Naturally, Feeney’s dedication to promoting underrepresented groups inspires her mentees to carry on the mission and excel in their own careers.

“Elizabeth proves that she can achieve great success in her career while also helping others to advance and succeed,” says Jennifer Ilkka, partner at Faegre Drinker. “As a young female partner navigating the challenges of business development in ‘Big Law,’ I was the fortunate beneficiary of the support and commitment Elizabeth generously shares with those lawyers that have captured her trust through demonstrated competence and reliability, regardless of their age, gender, race, or other diverse characteristics that all too often can impede advancement in the legal profession. Her dedication, in particular to the promotion of women to lead attorney or first-chair trial roles, is proof positive that GSK’s devotion to diversity and inclusion is not just public relations, but actual practice.”

Feeney believes that diversity is key to any successful organization, especially a legal department, where the ability to view an issue from all sides is invaluable. “If everyone is coming at a problem from the exact same approach, it makes it difficult to pressure test your ideas and come up with a comprehensive solution,” Feeney maintains.

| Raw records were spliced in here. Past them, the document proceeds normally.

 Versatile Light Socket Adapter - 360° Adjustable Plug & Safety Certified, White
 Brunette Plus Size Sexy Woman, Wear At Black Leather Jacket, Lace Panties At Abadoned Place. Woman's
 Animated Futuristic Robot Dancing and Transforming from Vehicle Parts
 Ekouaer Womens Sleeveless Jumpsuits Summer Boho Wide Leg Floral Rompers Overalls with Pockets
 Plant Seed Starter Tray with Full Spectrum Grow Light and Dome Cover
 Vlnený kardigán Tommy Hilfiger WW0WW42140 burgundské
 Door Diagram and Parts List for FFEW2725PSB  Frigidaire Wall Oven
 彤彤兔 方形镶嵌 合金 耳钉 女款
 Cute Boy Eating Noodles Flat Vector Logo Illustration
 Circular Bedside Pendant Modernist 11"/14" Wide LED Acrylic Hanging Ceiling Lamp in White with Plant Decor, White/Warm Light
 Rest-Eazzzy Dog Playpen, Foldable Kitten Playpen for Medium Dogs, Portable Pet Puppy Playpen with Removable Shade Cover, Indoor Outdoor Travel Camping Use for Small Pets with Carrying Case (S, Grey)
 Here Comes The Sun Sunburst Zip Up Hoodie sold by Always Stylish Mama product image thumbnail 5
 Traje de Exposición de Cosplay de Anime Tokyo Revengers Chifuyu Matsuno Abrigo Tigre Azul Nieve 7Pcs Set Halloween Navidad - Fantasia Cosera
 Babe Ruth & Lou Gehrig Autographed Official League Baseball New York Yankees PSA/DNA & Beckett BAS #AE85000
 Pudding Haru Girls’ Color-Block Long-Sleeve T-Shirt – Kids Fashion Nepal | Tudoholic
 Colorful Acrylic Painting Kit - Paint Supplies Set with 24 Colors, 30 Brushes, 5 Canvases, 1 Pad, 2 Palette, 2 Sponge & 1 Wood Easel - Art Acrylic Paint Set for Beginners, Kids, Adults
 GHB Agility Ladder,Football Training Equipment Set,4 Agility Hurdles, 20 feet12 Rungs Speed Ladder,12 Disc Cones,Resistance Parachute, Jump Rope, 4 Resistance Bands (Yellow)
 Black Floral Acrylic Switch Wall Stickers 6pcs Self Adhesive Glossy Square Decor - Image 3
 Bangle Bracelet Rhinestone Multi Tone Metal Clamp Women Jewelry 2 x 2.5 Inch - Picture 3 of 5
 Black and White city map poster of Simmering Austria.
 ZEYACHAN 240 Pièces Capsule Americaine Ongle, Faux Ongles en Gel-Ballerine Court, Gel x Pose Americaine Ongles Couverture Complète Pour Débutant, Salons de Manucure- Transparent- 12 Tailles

Feeney is clear that diversity itself isn’t enough without encouraging a culture of inclusion—something that fits neatly with her history of building strong working relationships. “There’s a quote from Vernā Myers that states, ‘Diversity is being asked to the party and inclusion is being asked to dance,’ and I think that is absolutely right. It’s not just having people who look or sound different show up in the office; it’s actually making sure that they all truly feel part of the team.”